= Páll Melsteð (historian) =

Icelandic historian, official and editor

Páll Melsteð in 1876.

Páll Melsteð (13 November 1812 - 9 February 1910) was an Icelandic historian, official, editor and member of the Althing. In 1892 he was awarded the Order of the Dannebrog.

==Early life==

Páll was the son of Páll Melsteð the official. At the age of 16 Páll entered the Learned School and graduated in 1834. He then went to study law at the University of Copenhagen but also studied history and the fine arts, especially singing. He returned to Iceland in 1840 when he married his first wife, Jórunn Ísleifsdóttir. They lived in Álftanes for several years where Páll started working on his first book, Ágrip af merkisatburðum mannkynssögunnar ["A Synopsis of the Significant Events of History"], which was printed in Viðey in 1844. He had also started work on a history of Iceland but in 1844 his house burnt down and his manuscripts were lost.

==Editor==

Páll now moved to Reykjavík where he was the prime mover in founding Reykjavíkurpósturinn at a time when no newspaper was being published in Iceland.

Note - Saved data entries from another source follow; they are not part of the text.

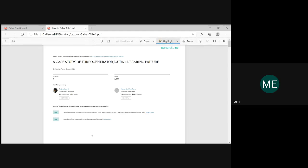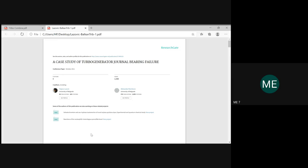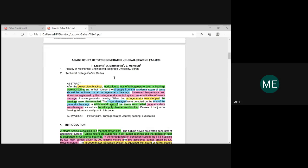I have assigned this case study already in the Google Classroom as part of your assignment, about two weeks ago. This is a case study given to analyze the failure in a journal bearing — specifically a turbo generator journal bearing. You will get a question based on this case study, so please go through it. I'll briefly explain what this paper is about: it deals with a failure in a power plant, why it happened, and how the failure was analyzed.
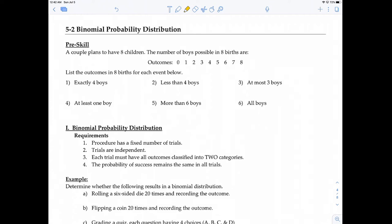In this video, I'm going to be covering section 5-2, Binomial Probability Distribution.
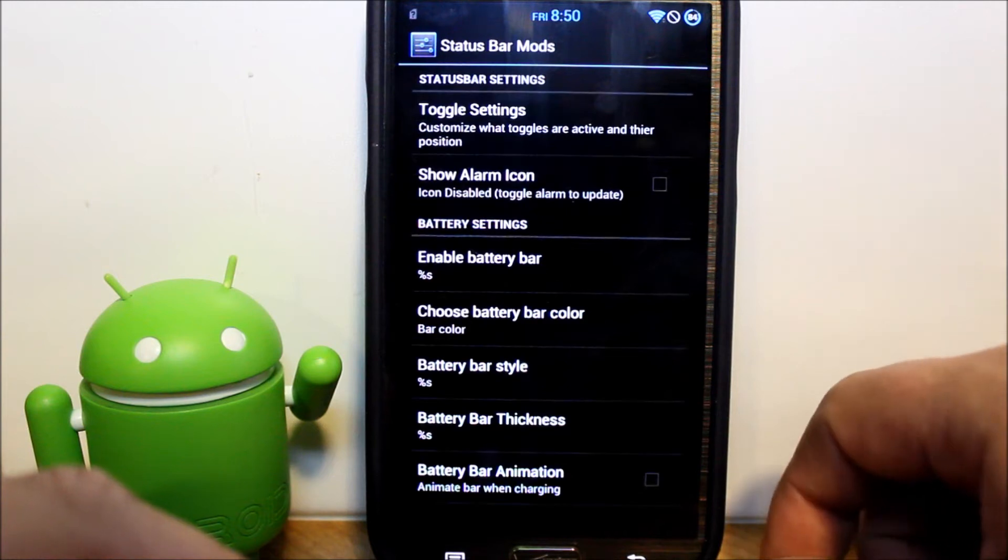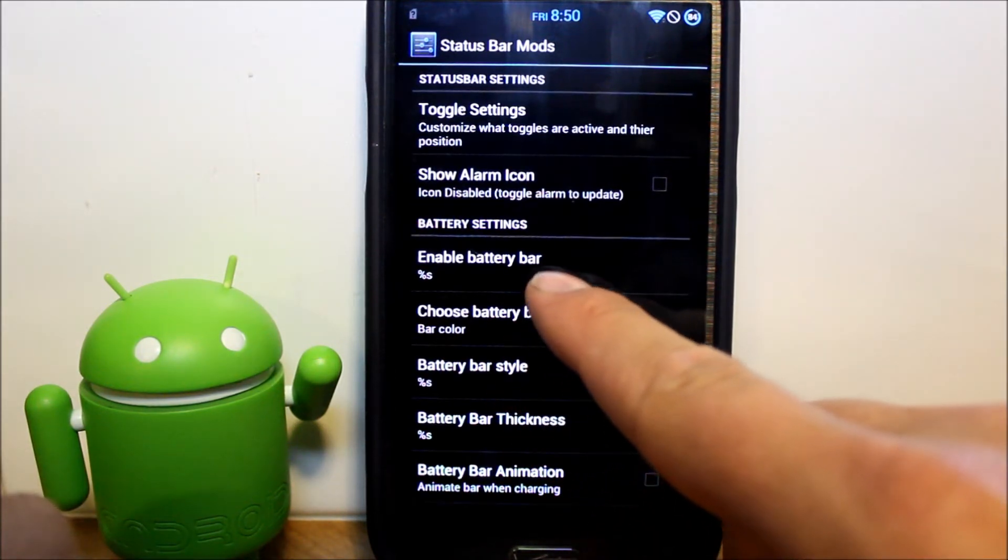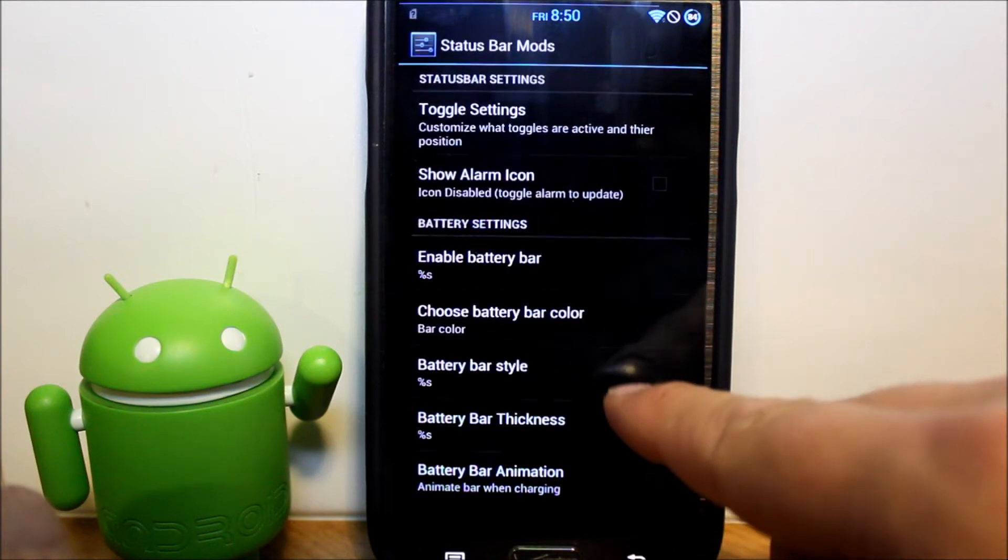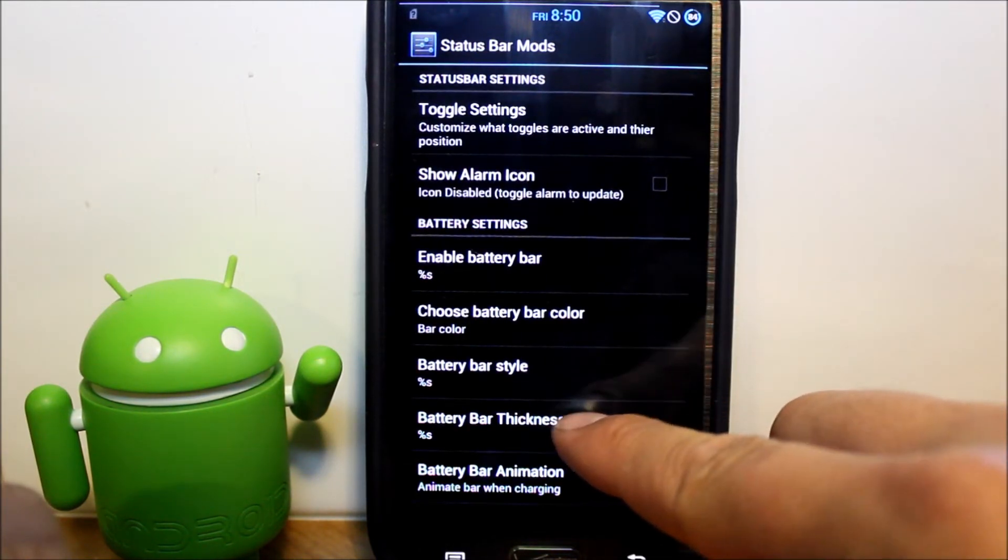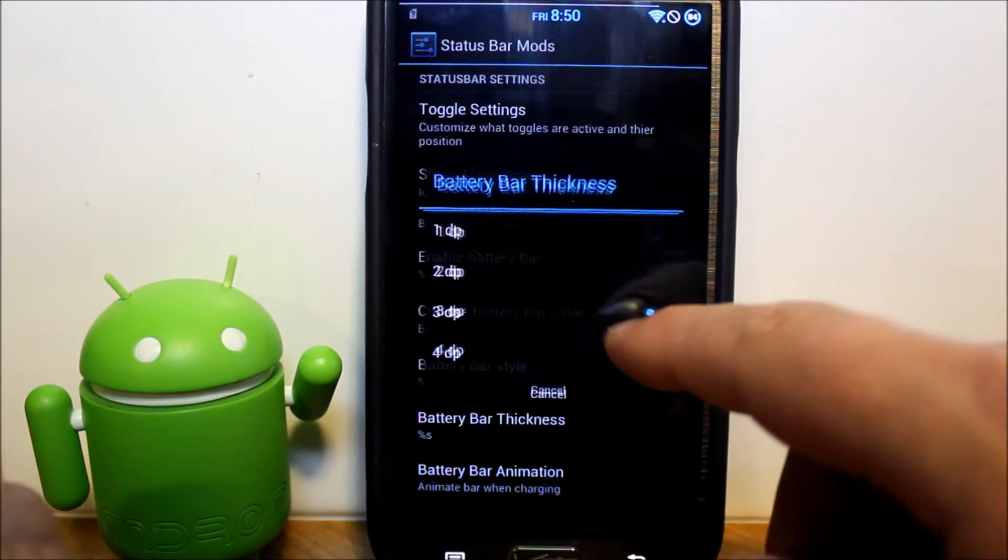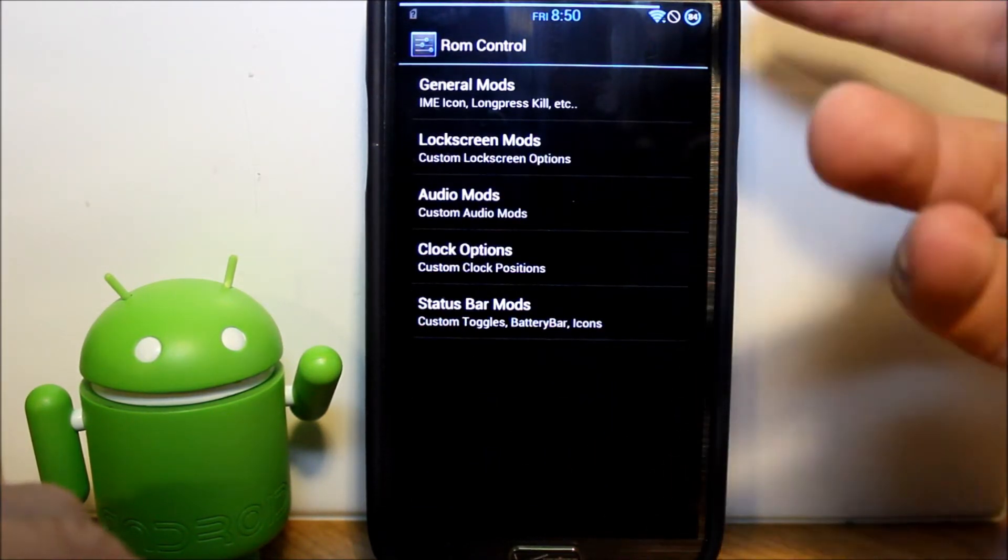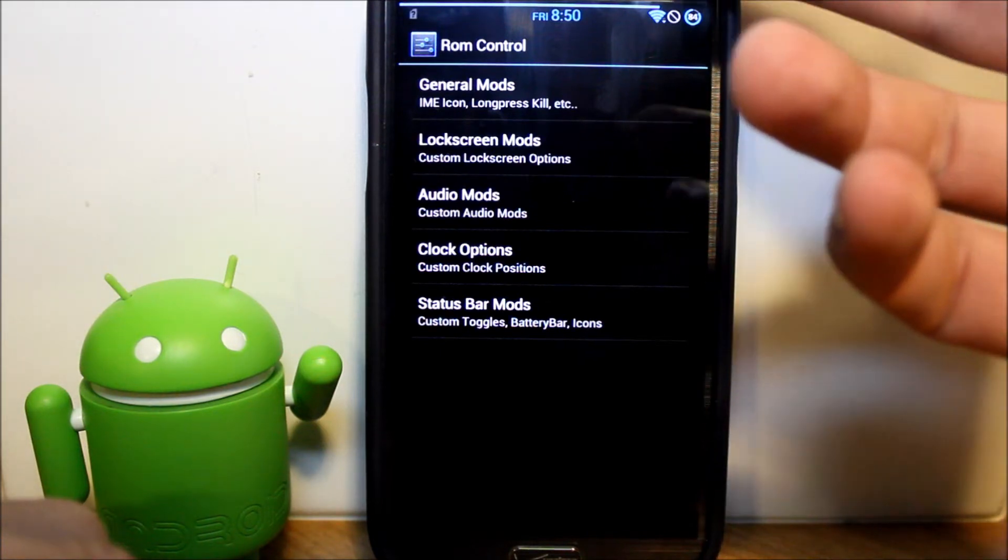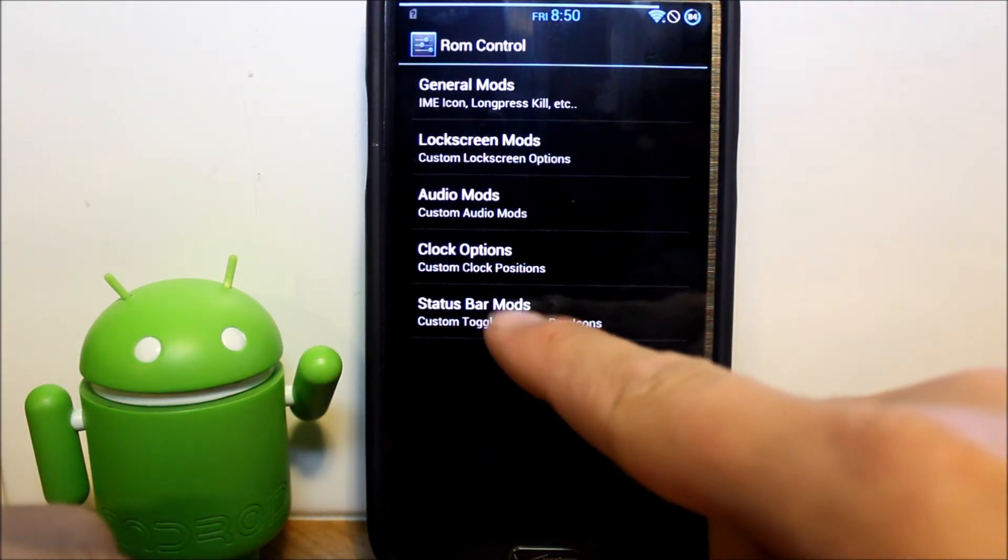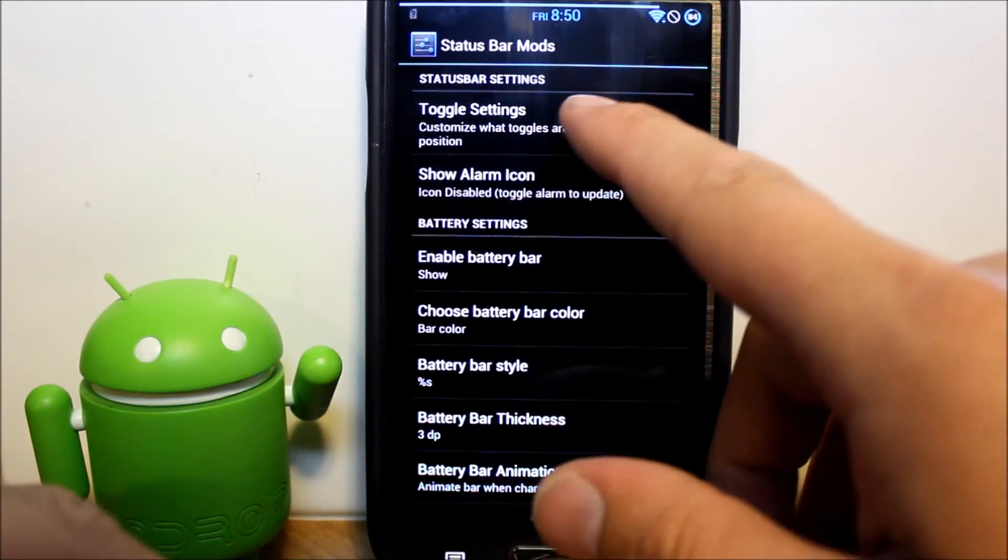Status bar mods. Battery bar enable, so we're going to say show. You can see the battery bar up there, and then we're going to go thickness. I like to make it a little thicker, but I like that. It's just one other way to do things with your battery bar or your battery percentage in here.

Páll had a role in editing the paper from 1846 through 1849. In 1848 he also played a role in founding Þjóðólfur. He also had a large role in the first years of Íslendingur (1860–1863) and was the editor of Víkverji in 1873 and 1874.

==Official==

Þóra Melsteð

In 1848 and 1849 Páll was the sýslumaður (a kind of sheriff) of Árnessýsla but from 1849 to 1854 he was the sýslumaður of Snæfellsnessýsla. He was elected as a representative of Snæfellsnes to the National Assembly of 1851 and to the Althing in 1859. In 1855 Páll again went again to Copenhagen to study law since he had not completed a degree the first time. He graduated in Danish laws in 1857. From 1858 to 1862 Páll was sýslumaður for Gullbringu- og Kjósarsýsla. In 1858 Jórunn died and Páll married his second wife, Þóra Melsteð. They were to work together on establishing Kvennaskólinn, the first girls' school of Iceland.

==Historian==

From 1862 to 1885 Páll worked as a lawyer in Reykjavík. In 1868 he started teaching part-time at the Learned School and in 1885 he became a full-time history professor. In the 1860s Páll wrote and published a multi-volume work on world history, Fornaldarsagan (1864), Miðaldarsagan (1866), Nýja sagan (1868). In 1891 his Norðurlandasaga ["History of the Nordic Countries"] was published. He also wrote a number of historical articles in various periodicals. Páll's historical writings were praised for their lively and lucid writing style but criticized for their heavy emphasis on warfare and giving short shrift to cultural history. Páll's memoirs, Endurminningar, were published posthumously in 1912.